Until Friday The Economist has an online debate going, ‘the global elite serves the masses’. I have had a little look around and the moderator’s remarks are quite a good, quick overview. Peter Saunders was the guest contributor and his comments have left me wanting to respond.

Not that there is much blame to be attached to the operations of global capitalism, which has done more for human freedom, dignity and comfort in the time since Marx was writing than any number of politicians or grandstanding celebrities with their megaphones and placards. […]

Global capitalism has made it possible for people to survive for longer than ever before. […] Global capitalism has also released much of humanity from the crushing burden of physical labour. […] Global capitalism has even helped undermine tyrannies and dictatorships.
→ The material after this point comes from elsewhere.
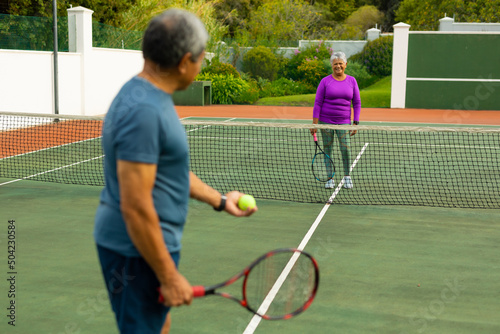 Smiling biracial senior woman playing tennis with senior husband at tennis court © wavebreak3
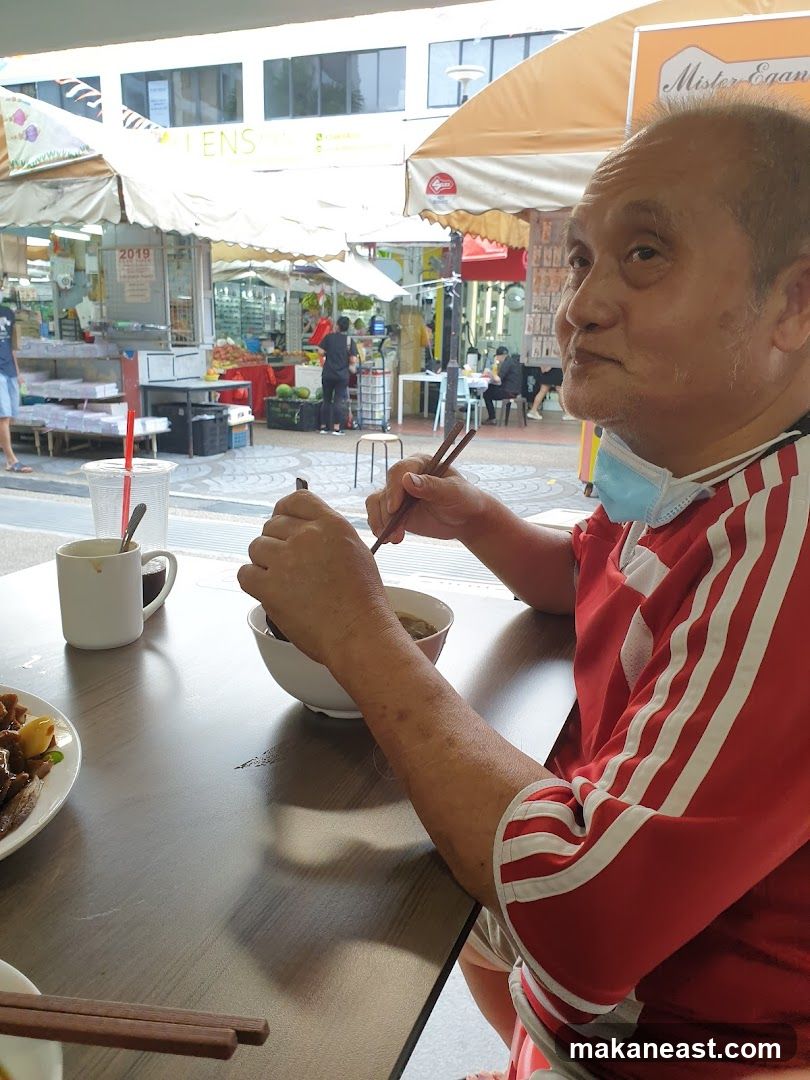 Man Eating Noodles at Outdoor Food Stall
Is it global capitalism itself that has had the agency to do these things?

So why are we even having this debate? The explanation is that the capitalist elite are being seriously challenged by the cultural elite (otherwise known as the “chattering classes”). […]

Despite their belief in their own moral superiority, the people who attack the wealth-generating capitalists are themselves part of a different, but equally privileged, elite. The source of their power is not money; it is their occupancy of key positions in the state, the educational system and the media. Eighty years ago, an Italian Marxist, Antonio Gramsci, turned Marxist theory on its head by arguing that capitalism would be defeated, not by seizing control of the banks, offices and factories, but by dominating the culture, the production of ideas. He called on his followers to begin a “long march” through the cultural institutions of modern societies, and that is exactly what they have done. What we are witnessing today is the result: a struggle for power between two competing elites, one productive yet cowed, and the other parasitic yet triumphalist.

As a postgraduate student I am hardly a neutral observer, so it is probably rather predictable that I am puzzling over how it is that people in the educational system are not productive. Is it only those people who are marketing things for sale that are productive? Surely many of the successes that Saunders credits to global capitalism would not have been possible without political will, education, research and popular awareness?